Poland on Thursday announced plans for new anti-terror measures following the deadly Brussels attacks and in the run-up to the NATO summit Warsaw will host in July.

Plans for the new law, which would allow increased surveillance of foreigners, came just days after bombings at the Brussels airport and metro, which killed 31 people and left 300 injured and were claimed by the Islamic State group.

Fellow EU member Hungary also unveiled a draft package of anti-terror measures on Thursday, ahead of a meeting of EU interior and justice ministers in Brussels, following Tuesday's attacks.

‘We'll present this bill for government approval in early April, so that parliament may examine and adopt it in May,’ Interior Minister Mariusz Blaszczak told reporters.

He said the goal was to have the measures in place before a NATO summit on July 8 and 9 and World Youth Day, with Pope Francis's attendance, from July 27 to 31 in the southern city of Krakow.

‘We can see how real the threat is against regular people, who have become the target of terrorists.

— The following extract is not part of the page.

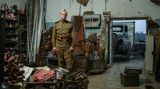 Russland: Die Werkstatt des Clubs ist voll mit alten Kanistern, Panzerketten, Kühlerhauben, Schrauben.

We have to draw conclusions from this,’ added intelligence service coordinator Mariusz Kaminski.

He said the new law would allow for the prolonged detention of individuals suspected of terrorism, the possibility to immediately expel foreigners and the closing of borders.

Jaroslaw Kaczynski, the head of the governing conservative Law and Justice (PiS) party, for his part called on the opposition Thursday to dial down the political bickering ‘until after the pope's visit’, given the ‘exceptional situation in the West and Russia's aggressive policies’.

Poland has been in political crisis since the PiS won the October election after eight years in opposition and introduced controversial judicial and media reforms that have drawn much criticism from the opposition and regular citizens.

On Wednesday, Prime Minister Beata Szydlo said Warsaw would not take in its share of migrants under an EU plan.

‘After what happened in Brussels yesterday, it's not possible right now to say that we're OK with accepting any number of migrants at all,’ she told private television Superstacja.

Thousands of migrants ‘come here only to improve their life conditions,’ and among them ‘there are also terrorists’, she added.